Por otro lado, los oligarcas son dueños del Washington Post, el Wall Street Journal, el Los Angeles Times, CNBC, Fox News, X, Facebook y pronto TikTok, todos están alineados con Trump y todos están abiertamente convirtiendo sus medios en vehículos de propaganda. El dueño de Amazon, Jeff Bezos, le dijo públicamente a todos que los comentarios que no fueran pro-mercado libre no aparecerían en el Washington Post.

Volvamos a los cazadores-recolectores por un segundo. ¿Cómo es que no parecen estar constantemente a la greña, tratando de matar a todas las demás tribus? Bueno, para empezar, no tienen necesidad. Son comunidades pequeñas y móviles. Se mueven hacia los recursos disponibles y negocian para que no todos busquen explotar el mismo espacio.

El contacto cara a cara en comunidades más pequeñas significa que están inmersas en relaciones empáticas y eso conduce al igualitarismo. Ese tipo de comunidades más pequeñas no celebran a los disruptores y a las personas divisivas. No es bueno para la totalidad.

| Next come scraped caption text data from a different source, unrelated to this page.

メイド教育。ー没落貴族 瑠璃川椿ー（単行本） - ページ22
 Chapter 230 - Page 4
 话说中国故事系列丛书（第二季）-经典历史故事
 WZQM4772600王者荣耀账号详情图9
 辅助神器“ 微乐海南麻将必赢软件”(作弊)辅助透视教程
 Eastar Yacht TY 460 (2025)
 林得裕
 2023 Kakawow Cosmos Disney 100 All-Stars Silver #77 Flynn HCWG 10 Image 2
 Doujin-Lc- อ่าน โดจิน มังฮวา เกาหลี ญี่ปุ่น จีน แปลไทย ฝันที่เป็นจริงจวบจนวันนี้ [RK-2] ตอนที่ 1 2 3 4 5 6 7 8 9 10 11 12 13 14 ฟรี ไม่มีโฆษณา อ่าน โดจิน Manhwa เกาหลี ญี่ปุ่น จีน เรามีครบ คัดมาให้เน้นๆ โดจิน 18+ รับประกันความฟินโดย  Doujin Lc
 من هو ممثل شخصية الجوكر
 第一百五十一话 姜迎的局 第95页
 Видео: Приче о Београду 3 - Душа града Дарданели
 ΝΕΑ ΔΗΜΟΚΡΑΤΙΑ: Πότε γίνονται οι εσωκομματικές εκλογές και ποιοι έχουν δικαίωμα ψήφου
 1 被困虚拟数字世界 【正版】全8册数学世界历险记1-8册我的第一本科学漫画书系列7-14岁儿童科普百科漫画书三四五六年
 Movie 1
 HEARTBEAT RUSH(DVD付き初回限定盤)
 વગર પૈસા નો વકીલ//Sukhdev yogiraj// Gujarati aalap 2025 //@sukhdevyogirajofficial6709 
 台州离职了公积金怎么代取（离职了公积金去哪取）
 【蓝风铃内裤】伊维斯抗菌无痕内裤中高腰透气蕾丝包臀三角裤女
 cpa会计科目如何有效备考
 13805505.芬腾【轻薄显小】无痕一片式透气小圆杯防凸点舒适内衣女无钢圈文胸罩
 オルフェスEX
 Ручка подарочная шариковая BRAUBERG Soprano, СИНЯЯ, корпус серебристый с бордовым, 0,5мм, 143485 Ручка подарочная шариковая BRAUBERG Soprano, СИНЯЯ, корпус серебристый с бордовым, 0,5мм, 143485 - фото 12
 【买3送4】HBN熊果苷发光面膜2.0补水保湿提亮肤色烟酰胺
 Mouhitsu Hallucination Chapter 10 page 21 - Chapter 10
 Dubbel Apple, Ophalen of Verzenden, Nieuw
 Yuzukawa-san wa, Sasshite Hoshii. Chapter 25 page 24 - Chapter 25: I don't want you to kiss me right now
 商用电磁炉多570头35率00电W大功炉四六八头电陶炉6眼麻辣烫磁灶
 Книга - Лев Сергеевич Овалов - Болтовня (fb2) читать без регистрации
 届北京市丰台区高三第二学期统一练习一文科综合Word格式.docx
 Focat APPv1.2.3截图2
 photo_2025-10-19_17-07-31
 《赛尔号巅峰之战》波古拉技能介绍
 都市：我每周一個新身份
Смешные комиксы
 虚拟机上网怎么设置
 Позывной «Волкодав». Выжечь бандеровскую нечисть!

Así son los humanos en su 'estado natural' (en la medida en que exista uno). Algo tiene que hacernos malos – y eso es la codicia. Otro concepto que necesitas entender aquí es la 'triada oscura'. Cada vez está más claro que la mayoría de los humanos son pacíficos, empáticos y colaborativos, pero que hay una minoría que muestra comportamientos y actitudes diferentes.

Uno de ellos es el narcisismo (ponerse por delante de los demás en cada ocasión). Uno de ellos es la psicopatía (la capacidad y disposición para hacer cosas malas a los demás). Otro es el maquiavelismo (estar dispuesto a manipular y engañar a los demás para tus propios fines). Para una minoría mucho más pequeña, obtenemos los tres juntos, y eso es la tríada oscura.

Hay cada vez más evidencia de que las personas que exhiben la tríada oscura son el mayor problema de la sociedad a gran escala. En comunidades más pequeñas, son rápidamente descubiertos, pero en grandes sociedades anónimas pueden prosperar, precisamente debido a su disposición a manipular y perjudicar a otros en su propio interés.

Y si estás dispuesto a romper las reglas y hacer daño a otros para tu propio beneficio, estás en una buena posición para ganar dinero. Mucho dinero. Y una vez que lo tienes, estás perfectamente sintonizado para joder a los demás y aumentarlo. Y luego eventualmente entras en el territorio de Ted Turner, el originador de la brillante explicación de que, para los ricos, "La vida es un juego." El dinero es cómo llevamos la cuenta.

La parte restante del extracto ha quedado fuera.